The Seedling build system provides an Ant target buildModule (defined in moduleTargets.xml) that builds the appropriate structures in the module's main Jar file.

4.2. Application Structure

The basic deployment approach is to construct a single directory that contains both the Seedling platform modules and all application modules. The typical file layout is as follows:

  • APPLICATION-DIR/ is also known as the SEEDLING_HOME directory.

    • launcher.jar is the Seedling bootstrap jar.

    • logs/ is the default location for any log files created by the application.

    • modules/ contains all of the modules deployed as part of the application.

      • MODULE/ contains a single deployed module. The contents of this directory are described in the Module Structure section.

Since an application is usually launched by naming one or more primary modules, it is acceptable for the deployed system to contain additional modules that may not be loaded (because they are not required by the primary modules). This feature can be used to deploy several applications within one directory tree by providing multiple startup scripts that launch Seedling with different primary modules.

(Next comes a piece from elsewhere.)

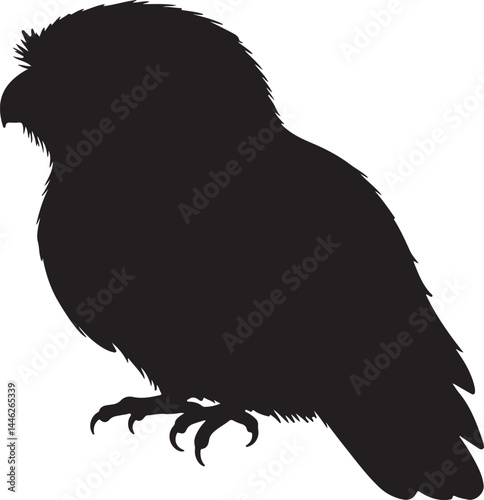 Tawny Frogmouth Vector Silhouette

The modules directory is known as a repository, and Seedling can load modules from more than one of them. The best use for this feature is to avoid modifying the standard Seedling home directory, keeping application code completely separate from the platform, in observance of the Open/Closed Principle. The various launching approaches described in the next section each have a means for utilizing multiple repositories.

4.3. Launching

Seedling provides a spectrum of options for launching the container, depending on how much control the application is willing to give Seedling with regards to main() and class loading.

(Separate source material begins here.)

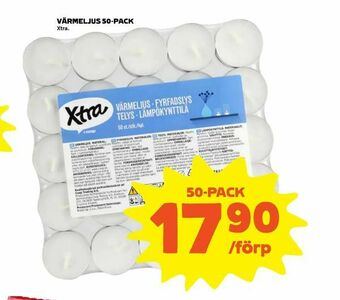 Coop Extra Värmeljus 50-pack erbjuda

4.3.1. Seedling on the Outside

At one end of the launching spectrum is Seedling on the outside, where Seedling takes resposibility for main() and for all module and class loading. This is easy to achieve: just run the launcher.jar and pass SEEDLING_HOME and the names of the required modules.

A typical application can thus be started simply by naming the primary module(s):

$ cd APPLICATION-DIR
$ java -jar launcher.jar MODULE ...

The launcher inspects the contents of the named modules and recursively loads all of the required modules, each of which must reside in one of the known repository directories. The launcher constructs a custom ClassLoader to gain access to the libraries provided by each module (in the lib directory).

The SEEDLING_HOME/bin/seedling script is a generic example of this approach and is very useful during development.

For more information on launching options, see the documentation for the consciouscode.seedling.launcher.Launcher class.

4.3.2. Seedling in the Middle

To put Seedling in the middle, the application provides main() and handles class loading for (at least) the Seedling runtime module, letting Seedling perform dynamic loading of other modules into the container. There are several viable ways to achieve this:

  • Add all of the bootstrap jars to the JVM command line. The required jars are SEEDLING_HOME/modules/runtime/lib/*.jar

  • Deploy the application as a jar that has the bootstrap declared in the manifest's Class-Path attirbute. Seedling's launcher.jar is an example of this approach.

  • Construct a dynamic ClassLoader that provides the bootstrap jars, then calls a trampoline method via reflection. The trampoline isolates the outer launch code from having a static dependency on Seedling classes.

The go-to class for putting Seedling in the middle is consciouscode.seedling.boot.SeedlingBuilder which allows the application to provide SEEDLING_HOME, additional module repositories, and the required modules.

4.3.3. Seedling on the Inside

At the other end of the launching spectrum is Seedling on the inside, where the application embeds Seedling as a library and handles all class loading itself. This option is not recommended, since it requires the application to determine the transitive closure of required modules and build the appropriate class path.

There is currently minimal platform support for this approach. Again, the important API is the consciouscode.seedling.boot.SeedlingBuilder class, particularly the setDelegatingClassLoading method.